In order to evaluate the diagnostic ability of the HRM curve method for the three species studied, we performed a principal component analysis (PCA) using the IBM SPSS v. 23 (IBM SPSS Statistics for Windows, Armonk, NY: IBM Corp), based on peak temperature and fluorescence values of the 100 individuals from the previous paper [5]. The first principal component was then used to perform a receiver operating characteristic (ROC) curve analysis, whose accuracy was evaluated by means of the area under the curve (AUC) values.

Results and discussion

The derived HRM curves obtained for the individuals already sequenced from a previous study clearly showed three distinct profiles (see Fig. 2a). A comparison of these profiles with the standard sequence-based species identification unequivocally indicated the diagnostic value of the HRM curves. This facilitated assigning each unique profile to one of the three species, without misidentifications.

Fig. 2
figure 2

High resolution melting curve analysis. a A negative first-derivative plot of fluorescence over temperature for three representative individuals of Species A, B, and C (as defined by [5]); redrawn from LightCycler 480 Software. b A 2D scatterplot of melting temperatures at fluorescence peaks for the 100 individuals used to assess the diagnostic value of melting curves for each species

The three HRM curves observed within the negative first-derivative plot were easily distinguishable from one another, based on curve shape and melting peak values (Fig. 2a). The curve identifying Species A showed two peaks, the first at 83 °C with a maximum value of 17.3 and a minimum value of 12.8 (−dF/dT), and the second peak at 86 °C with a maximum value of 20.5 and a minimum value of 8.6 (−dF/dT). The HRM curve for Species B was diagnosable by a single peak at 83–84 °C with a maximum value of 28.4 and a minimum value of 19.7 (−dF/dT). Finally, the HRM profile for Species C showed both the highest and narrowest curve profile, with a melting peak at 82 °C and a maximum value of 41.6 and a minimum value of 29.6 (−dF/dT). As shown by the scatterplot in Fig. 2b (see also Additional file 1), inter-individual variation within each species did not affect the diagnostic significance of the individual peak values.

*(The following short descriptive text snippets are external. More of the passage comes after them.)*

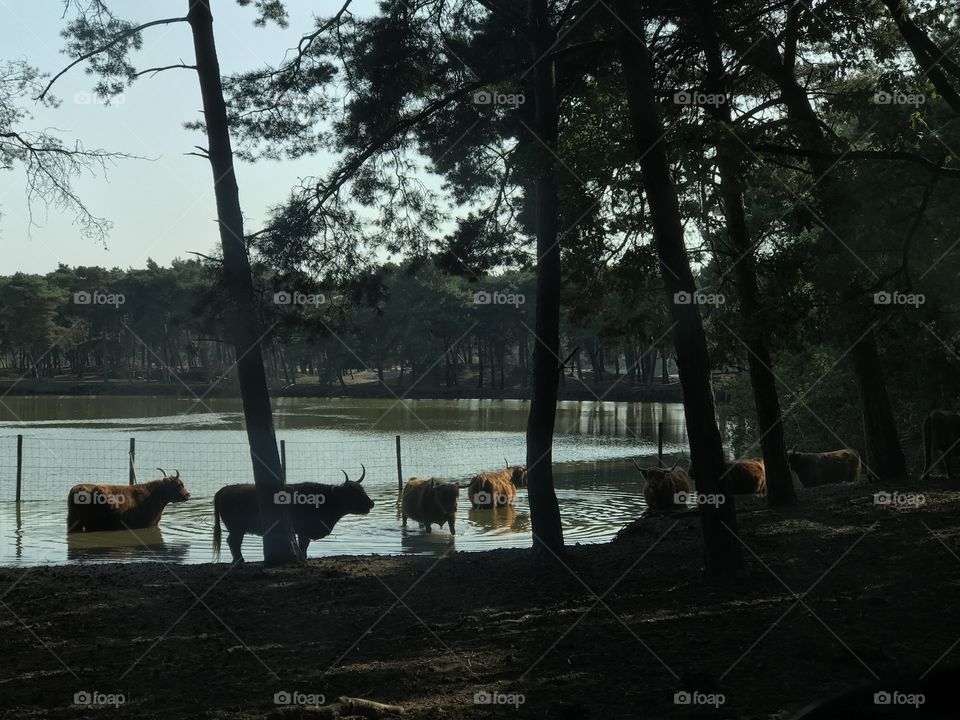 Scottish highlanders cooling time 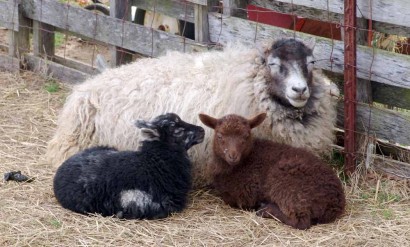 Rowan, Shetland ewe, with twin lambs.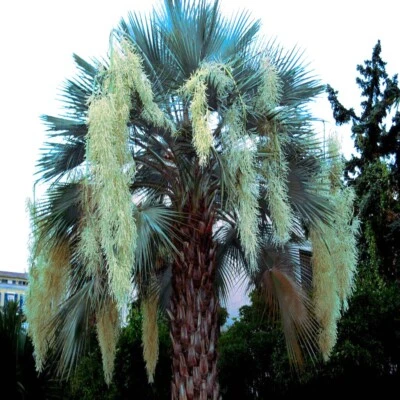 20 Mexican Blue Hesper Fan Palm Tree Seeds Grey Goddess Tropical Cold Hardy! - Image 1 of 4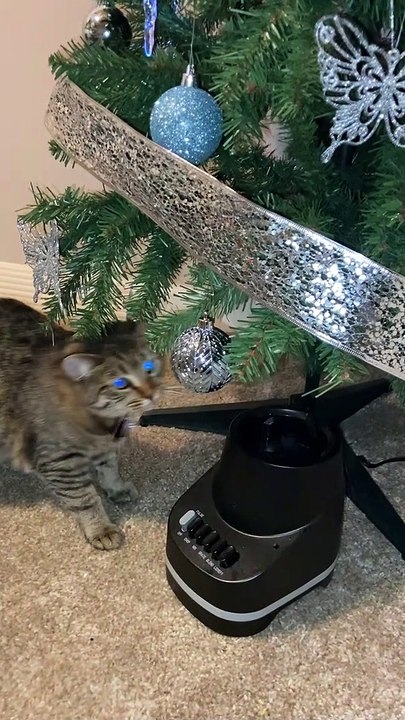 How to Keep a Tree Cat Free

The analysis of the 399 samples collected throughout the Tyrrhenian Islands (Sardinia, Corsica and Elba islands) did not reveal any new patterns for the HRM curve profiles in addition to the three described above. We assigned all analysed samples to a putative species: 128 to Species A, 170 to Species B, and 101 to Species C. As expected, based on the absence of new HRM curve variants among the newly studied samples, sequence-based assignment of all 24 individuals used as the control perfectly matched species identity as defined by melting profiles. Moreover, the ROC curve analysis based on the first principal component (variance explained: 82%) strongly supported the diagnostic ability of HRM method used, showing extremely high values of the AUC, in all pairwise comparisons between species (range of the AUC values: 0.97–1.00).

Our results clearly demonstrated that the HRM-based method proposed here to assess species identity for mayflies of the B. rhodani group on the Tyrrhenian Islands, proved as accurate and reliable as the standard sequence-based approach, besides allowing to avoid sequencing costs and efforts.

We utilized this method for a fast and accurate evaluation of the actual geographic distribution of the three cryptic species, which is fundamental information for any future study employing these species as target organisms. The results of this evaluation revealed distinct distribution patterns for the three studied species (Fig. 1), allowing us to incorporate them within a long-term study on the evolution of the insular biota (see also [13,14,15,16,17,18,19], to investigate species-specific eco-evolutionary dynamics, and to improve ongoing bio-monitoring programs in the area [20].

Limitations

  • The method does not provide information about genetic diversity, population structure, or phylogenetic relationships of the study organisms.

  • The method is only applicable when background information on the interspecific genetic variation is available for diagnostic markers.